Another apology through publicists stated: “I deeply apologize for any offense that my recent comments might have caused. I did not intend to be insensitive to anyone in the neighborhood, and I am sorry that my words have caused pain. I made light of serious issues and that was wrong.”

The bottles of rosé will be served in ice buckets, she explained, adding that she planned to speak with neighbors about positive ways to be more involved. The bullet holes, she later revealed, weren’t bullet holes at all, but simply damage from anchors that had been removed.

But despite those efforts, Summerhill seemed to amount to a case of poor judgment compounded by more poor judgment. Here are some of the highlights of the press release aftermath and why other statements made by Brennan were problematic:

The Statement: Brennan’s apology to Gothamist also stated, "I was excited to keep the wall as a shout out to the different businesses that occupied the space before us but my intention was misinterpreted and I'm sorry for that."

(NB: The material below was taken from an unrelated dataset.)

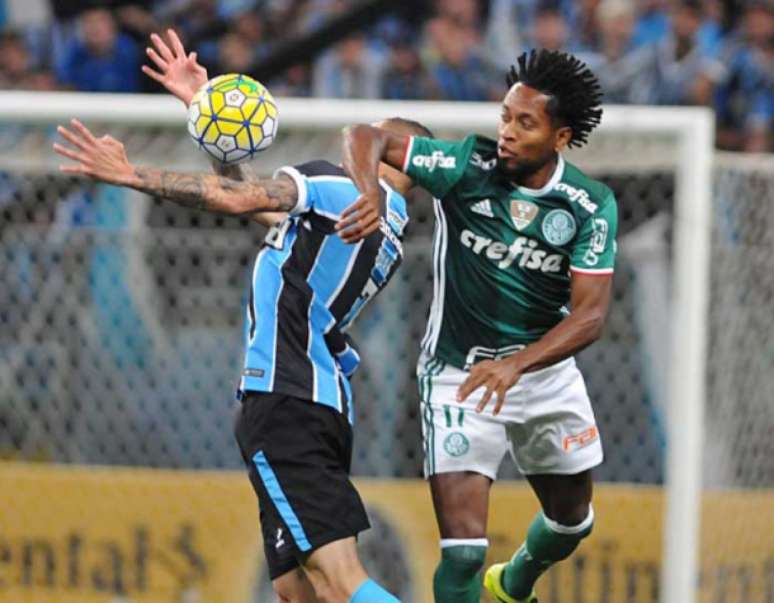 Em jogo 'pegado', o Grêmio venceu o Palmeiras por 2 a 1, em Porto Alegre (Foto: Ricardo Rímoli/Lancepress!)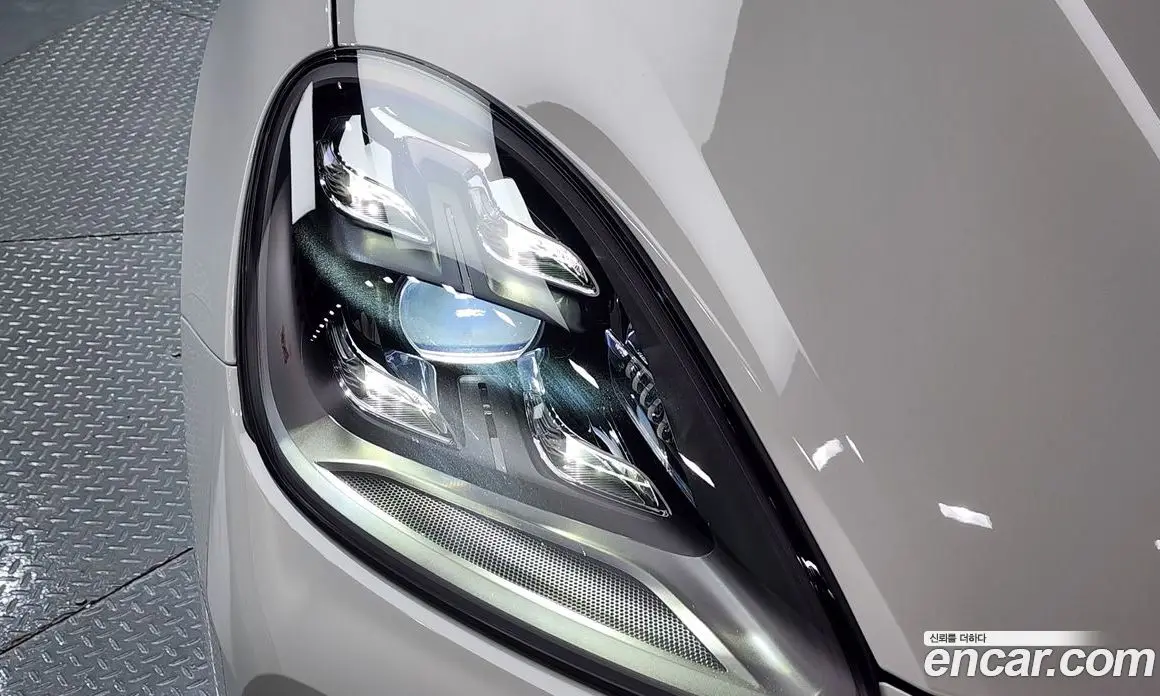 Porsche Cayenne 2023 3.0 автомат (гидро), фото 8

The Problem: The statement made her apology seem insincere, and betrayed an inability to grasp the impact her words had on residents even in the simplest terms. The community accused her of using representations of violence and poverty for the purposes of selling bar drinks. What she actually did was … used representations of violence and poverty for the purposes of selling bar drinks.

 

The Statement: At a community forum called to discuss Summerhill, Brennan opened her remarks by wondering if anyone had ever been to her venue before they were “told to be offended by my bar.”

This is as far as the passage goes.